昼飯時だったので、とりあえず佐々木と一緒に近くのラーメン屋に入った。
「それでね、何をプレゼントすればいいと思う?」
大学が始まってからと思っていたが、せっかく佐々木に会ったのだからちょうどいいとプレゼントのことを相談してみた。
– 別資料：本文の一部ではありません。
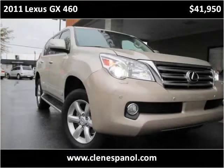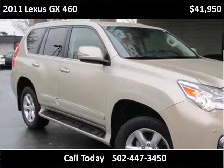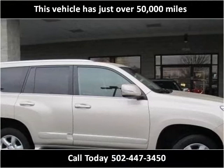This 2011 Lexus GX460 is available from Craig & Landreth en Español. This vehicle has just over 50,000 miles.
「プレゼントか~……それって物じゃなきゃダメなのか?」
「え?」
「誕生日プレゼントとかなら、形に残る物がいいのかもしれないけど、今回雪夜が考えてるプレゼントは、要はアレだろ?『初給料で両親に感謝のプレゼント』的な感じの……」
「あ~……うん、そんな感じかなぁ?」
「だったら――」
佐々木は、雪夜が何日も悩んでいた問題にサラッと回答した。
それは雪夜では思いつかないものだった。
「なるほど!!じゃあ、そうしようかな」
「帰る前に買いに行こうか。あんまり早く買うと遊べないし」
「うん!」
「じゃあ、出ようか」
雪夜が先に会計をして店の前で佐々木を待った。
やっぱり佐々木に相談してみて良かった。
今まで悩んでたのは何だったんだろう……
もっと早く相談しておけば良かったなと思いながら何気なく周囲に目を向けた時、斜め前を横切った人の後ろ姿を見て一瞬身体が固まった。
え?……あ、違う。別人だ……
「お待たせ、雪夜、どうした?」
「ひゅっ……ゲホッゲホッ」
佐々木に肩を叩かれて、驚いた拍子に勢いよく息を吸い込んで咽てしまったので、佐々木が慌てた。
「雪夜!?」
「いや……ちょっと見間違い……ゲホッ、ごめん、行こうか!」
「見間違いって……?おいおい、ホントに大丈夫か?お前顔色が……」
「うん!なんでもない!ちょっと咽ただけだよ。食べ過ぎたかなぁ~?アハハ」
心配する佐々木の背中を押して、歩き始めた。